It has been another miserable week in the history of Pakistan. At least 328 people have been killed in an earthquake in the province of Balochistan, just days after a suicide bomb attack led to 85 fatalities at a Christian church in Peshawar.
Whilst the earthquakes, landslides and floods that have plagued Pakistan in the past few years are an unfortunate consequence of natural forces, the mass violence that is perpetuated in every Pakistani province on a weekly basis is a testament to the uncontrolled forces of destruction that reside in the country.
The bombing of the Christian church was particularly unsavoury and worryingly a possible sign of things to come. Christians make up almost 2% of Pakistan’s population, a sizable minority, and believers show a devotion to their faith uncommon in many nominally Christian countries.
This might be attributed to the fact that Christianity in Pakistan is relatively young. It arrived with colonists when Pakistan was part of the British Raj. Unlike with China and Japan, which had been visited by prominent Jesuit missionaries from Italy, Portugal and Spain as early as the fifteenth and sixteenth centuries, and have long since reneged their Christian association, Christianity in Pakistan is vibrant and equally split between Catholic and Protestant denominations.
The Taliban has claimed responsibility for the Peshawar atrocity. This is unsurprising given the barbaric and repressive interpretation of Islam practiced by its members. Yet what is so astonishing is that leading Taliban operatives are currently being freed from Pakistani jails by the Islamabad government.
There is an argument, supported by some quarters in the US, that the release of Taliban ‘officials’ is a necessary precursor to securing peace talks in Afghanistan. Yet others have argued that convicted terrorists are being released straight back to their former cells where they can once more carry out atrocities such as the Peshawar bombing.
Violent deaths, generally through terrorist bombings, are commonplace in Pakistan and are not exclusively reserved for attacks against non-Muslims. The amount of sectarian and factional violence that occurs in the country is astonishing.
Having said that, despite frequent reports of atrocities, there appears to be a genuine malaise towards Pakistan by the rest of the world. The Peshawar church bombing, whilst causing initial outrage, has quickly been forgotten by the Western media. A similar scenario exists with Iraq where terrorism and bloodshed are so frequent that they are no longer newsworthy.

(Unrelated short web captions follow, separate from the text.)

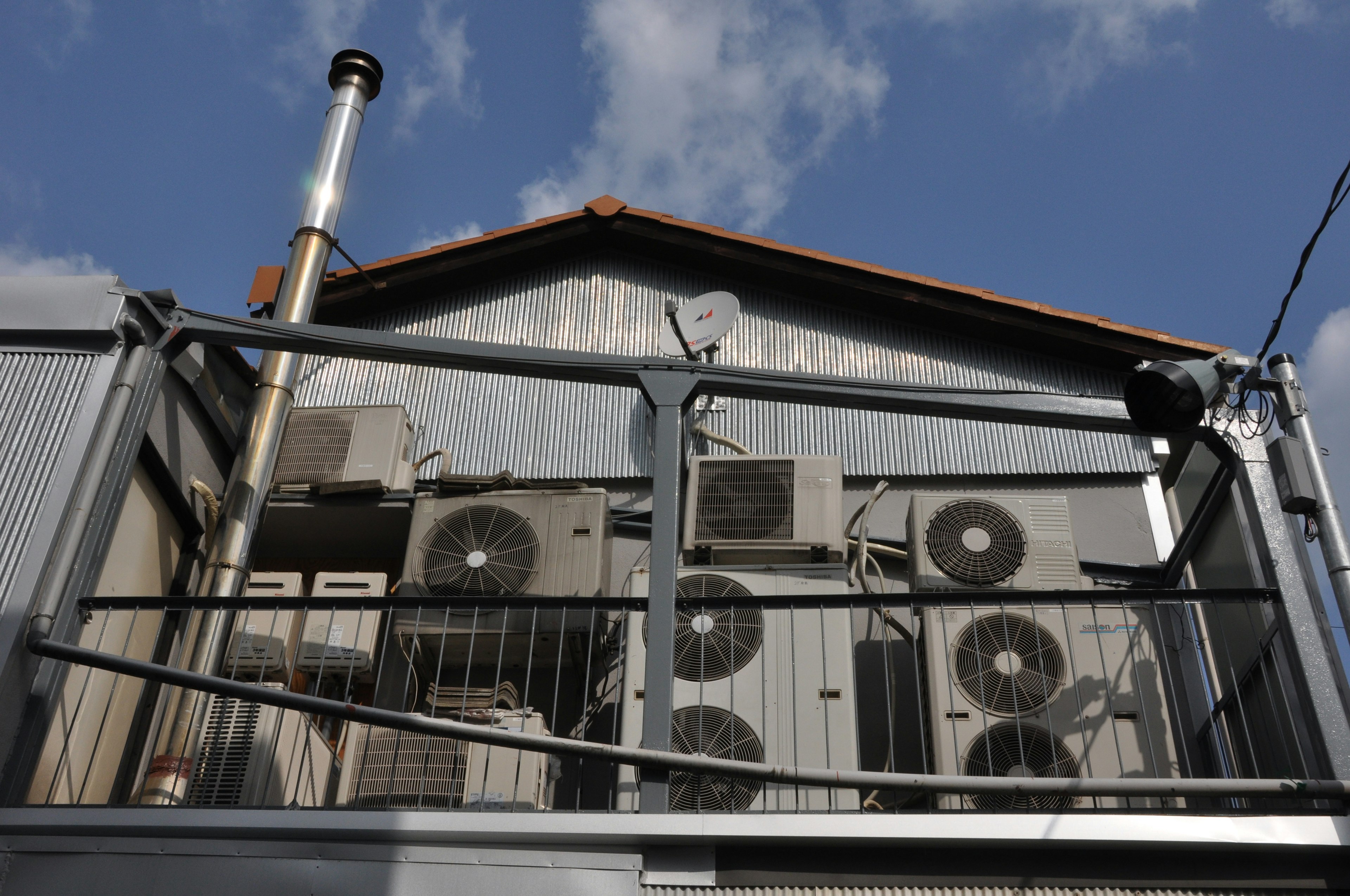 Industrial building with multiple air conditioning units and a chimney on the roof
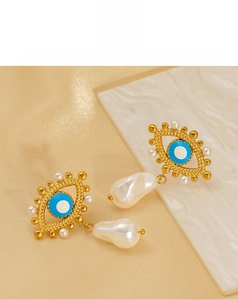 Detailed view of gold Evil Eye earrings featuring blue enamel and a hanging baroque pearl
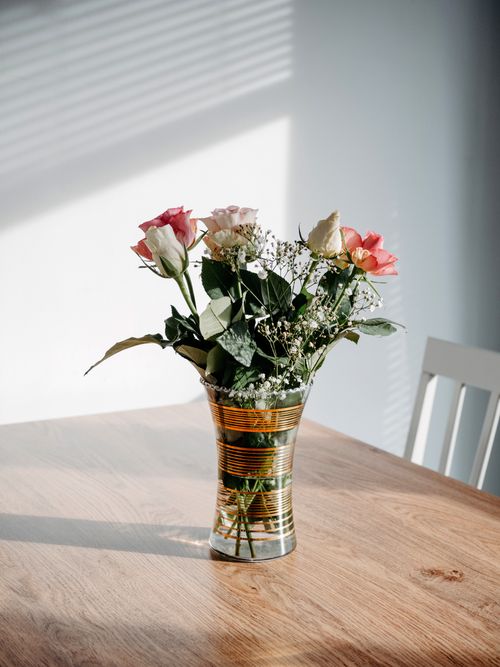 Free A glass vase with roses on a sunlit wooden table in a minimalist dining room. Stock Photo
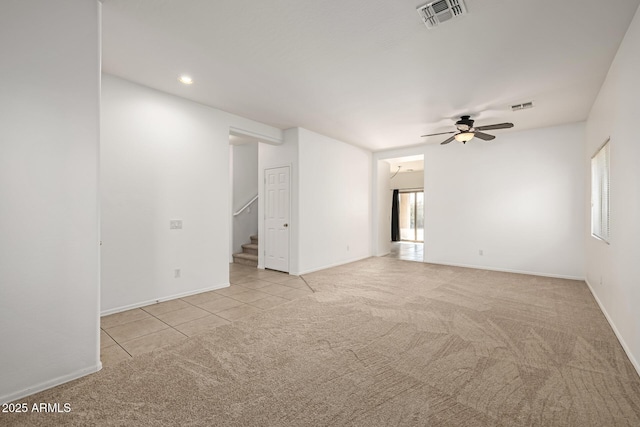 carpeted spare room with ceiling fan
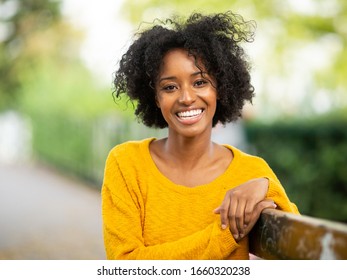 Close Up Portrait Of Beautiful Young Black Woman Sitting On Bench Outside And Smiling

Whilst Iraq is acknowledged as a failed state, Pakistan does not seem to fall into that category. Despite harbouring Osama Bin Laden – probably with the help of the security forces -, providing a base from which the Taliban can operate into Afghanistan, and being home to a raft of terrorist cells, the instability of Pakistan is severely downplayed by the West.
There is a delusion amongst policymakers that Pakistani internal affairs must be left alone if terrorism is to be defeated in the region and peace is to come to Afghanistan. Yet America is happy enough to conduct frequent drone attacks against the tribal provinces bordering Afghanistan, eliminating Al-Qaeda operatives whilst simultaneously slaughtering innocent civilians. One could not ask for a more obvious interference with national sovereignty.
It is concerning that a country of such violent instability is commonly seen as a key diplomatic player in solving the region’s problems, particularly terrorism. A weak government is just as dangerous as a fanatical one. But events like the Peshawar bombing continually happen without a suggestion of a solution from foreign powers, often so quick to intervene in other states or pressurise indigenous governments.
Ignoring these all-too-frequent warnings is not a wise policy and the relatively youthful history of Christianity in Pakistan may all too soon be wiped out.